SIWEK / KARSKI: Instructions how to get here [ANG CD42/2024] by Antenna Non Grata
It's a premiere day at Antenna Non Grata today! And what a mighty premiere it is!
A collaborative work of Jędrzej Siwek and Oskar Karski '' Instructions how to get here''.
A digital and a cd release as always beautifully released and curated by Antenna Non Grata.
I must say it is so far my favourite of their outing.
Imagine an illustrative piece of music that has so many colours and hues and it feels like a clear cut narrative.
Eight tracks that combine not only different moods but also a very effortless sway of different compositional techniques.

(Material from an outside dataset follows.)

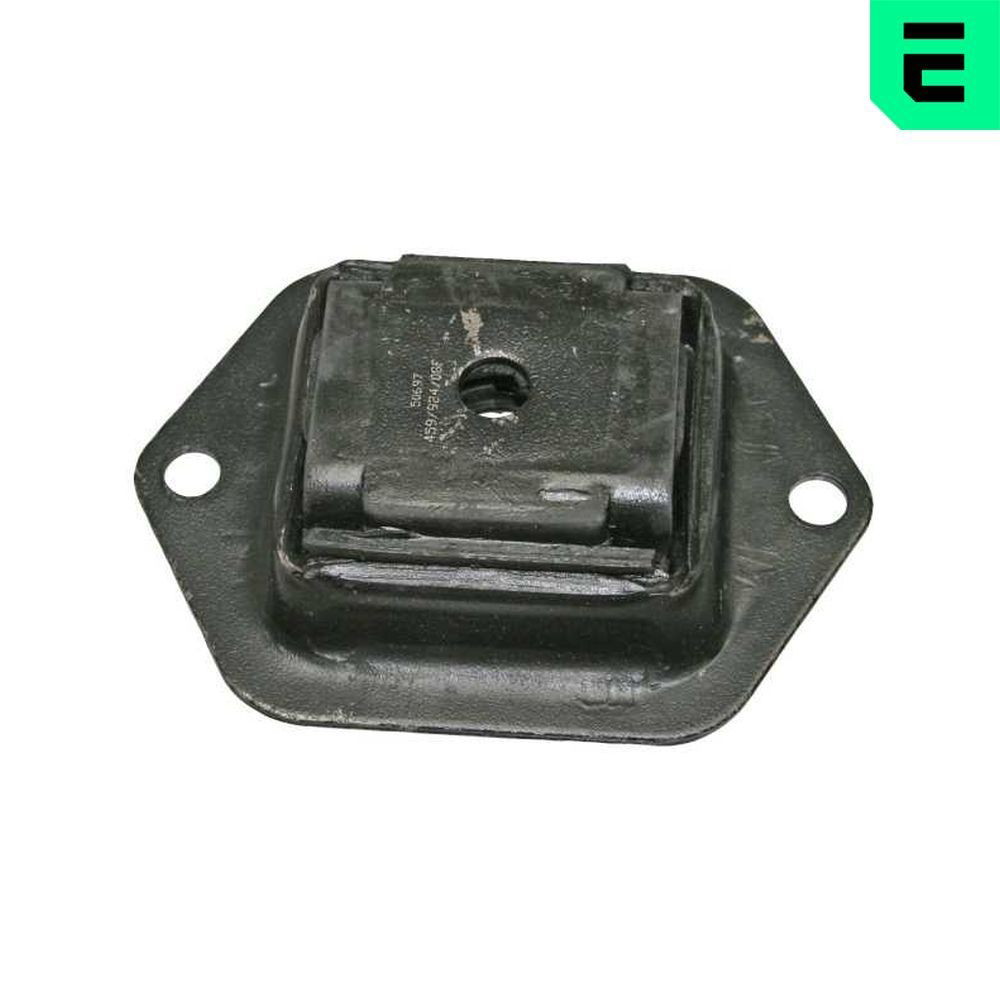 Подушка задней балки F86176 Optimal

There are reeds here, there's a glitchy melancholic experimental background but most of all there is a tasteful skill to combine all those elements in one. It feels more like a studious analysis of some phenomena like magnetism of anything that makes you feel like you are part of something larger than yourself, larger than life. Yet, having all those elements that a tender, deep piece of music that invites you to a self-reflection, should have.
With a cluster of kaleidoscope, stained glass-like compositions, I was afraid that there will be some sort of pomposity bias but there's nothing of that sort energy here.
A duo has always been a great idea when it comes to composing an experimental music that has its edges strung across different classifications and genres and it works perfectly here between Siwek and Karski.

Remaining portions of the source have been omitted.